Hoping to get out Wednesday? Lol

posted using Outdoor Hub Campfire


----------



## jrbird (Jan 16, 2011)

If you guys get out don't forget the limit is back to 4 walleye.


----------



## island troller (Nov 14, 2007)

Finally some satelite images to see the floating ice. As some stated in previous post "Lots of ice again" Forcast was calling for an offshore wind starting Wednesday but has now been changed to be a northern wind through next Friday. This should really help keep the floating ice on the south side of the lake all week now. Won't perdict the day to get out as someone seemed to enjoy making humor of my last prediction. Need some south wind badly.


----------



## ErieRider (Mar 23, 2010)

IT,
I am chomping at the bit to get out as much as the next guy. However, my concern is with the ice still floating around, a set up for a bad situtation could be in the making. One day recently, I saw no ice and four hours later there was ice as far as I could see. The ice is to unpredictable at this point and me personally will not be going out til I know it is gone. Not on the North side of the lake or to the west or east of where I am at. Would hate to leave in the morning only to find my path back in is now blocked due to a wind shift. As they say in the islands, "soon come, soon come" (not the erie islands either)


----------



## island troller (Nov 14, 2007)

I agree with you 100% Erie rider. I have seen it happen in the past. If I could get out soon it would only be within sight distance of the launch. We have caught fish very close to the launch before this time of the year. My wife just told me I have spent more gas not fishing then if I was getting out to fish.


----------



## kisherfisher (Jul 16, 2012)

Your wife stole my thoughts exacly. I feel like I owe you gas money for your efforts. Although I am doing the same thing up here. There are ramps open here in the lower Detroit river and Bolles Harbor just opened up, but lots of ice flowing and stirring yet, and it is not thin.Maybe these warm temps this week and some sun will put a good dent in it. WE are getting real close.


----------



## kwalleye1 (Mar 6, 2012)

Pateints men we will not hit it until the third weekend of this month , but dont mess with that moving ice , get trapped easy !!!! Its just not worth the chance let the lake Ice Out completly you will feel safe and then fish alot more comfortable . We did hit it on March 17 th last year but alot milder weather. We will wait so see ya all when its SAFE !!!!
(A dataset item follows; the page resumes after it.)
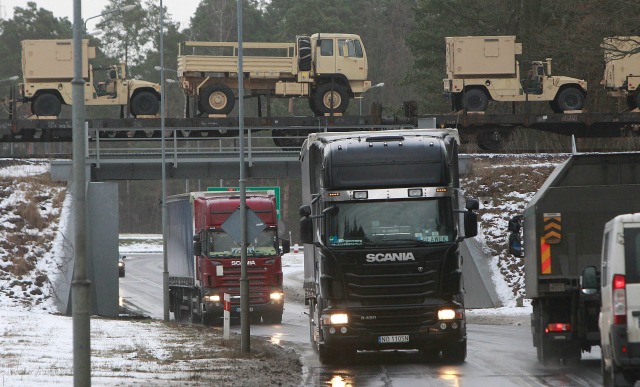 Вижте как транспортират US танковете в Полша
Fish Hard but always Fish Safe !
kwalleye1 on 72


----------



## mrahn1138 (Sep 28, 2007)

Just checked my calendar...last year by Mar 17 we had the boat in the water 19 times.


----------



## Jim Stedke (Dec 5, 2005)

Don't remind me. That was then .... sadly....this is now.


----------



## island troller (Nov 14, 2007)

There are two very good satelite images from today. You can see exactly where the daily north winds has kept the ice.


----------



## NorthSouthOhioFisherman (May 7, 2007)

Believe it or not, there were guys who launched a boat off the pebble today, crazy.
If this cold snap would last a little longer that ice would fit nicely for the fishing we never got in! lol


----------



## island troller (Nov 14, 2007)

I believe it and am surprise I have not seen anyone do that earlier. I have done some crazy things in my younger years on the lake, but not that. Well I guess we did push off the Marblehead lighthouse once in February in a 10' jon boat.


----------



## ErieGoldSportfishing (Feb 5, 2009)

I've done the pebble beach launch in my younger years too but never when there was this much ice floating around. I've lived my entire life 10-15 minutes from west basin Lake Erie and fished since I was a kid. Thats over40 years, 30 of those in my own boats. The vast majority of those years "ice out"....I am talking open channels and little or no risk of flow ice.... was a week or so either side of April 1st. Yeah we extend our seasons late fall into winter as far as we can but dealing with flow ice in the late winter/spring is a dangerous game....definitely not worth 4 fish!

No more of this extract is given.